Note the runtime of a single reward step computation is \(\mathcal O((\vert \mathcal S\vert +\vert \mathcal A\vert )D+{D^2\over T})\), where \(\mathcal O((\vert \mathcal S\vert +\vert \mathcal A\vert )D)\) is used for computing all \(d((s,a),(s^e,a^2))\) at once and \(\mathcal O({D^2\over T})\) is for the while loop.

Experimental Results

Figure 2 compares PWIL with DAC and BC. Note that PWIL is able to learn from a single demonstration for challenging tasks such as Humanoid.

Figure 10 demonstrates the result of the ablation study, where

  • PWIL-state does not use the expert’s actions.This leads to a huge performance drop in Walker2d while leave the other almost the same.
  • PWIL-nofill does not prefill the replay buffer with expert transitions. This leads to a drop in performance in most games, especially for Walker
  • PWIL-L2 uses the simple L2 distance without normalization. This results in a significant drop in all environments except for Hopper and Walker2d
  • PWIL-support does not constrain the target capacity.
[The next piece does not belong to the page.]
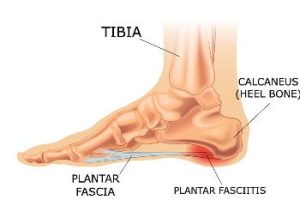 A Diagram showing where the plantar fascia is and where plantar fasciitis occurs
In other words, we no longer have the while loop in the algorithm. This leads to a significant drop in Walker2d and a slight drop in Hopper.

References

Dadashi, Robert, Léonard Hussenot, Matthieu Geist, and Olivier Pietquin. 2020. “Primal Wasserstein Imitation Learning.” ArXiv, 1–19.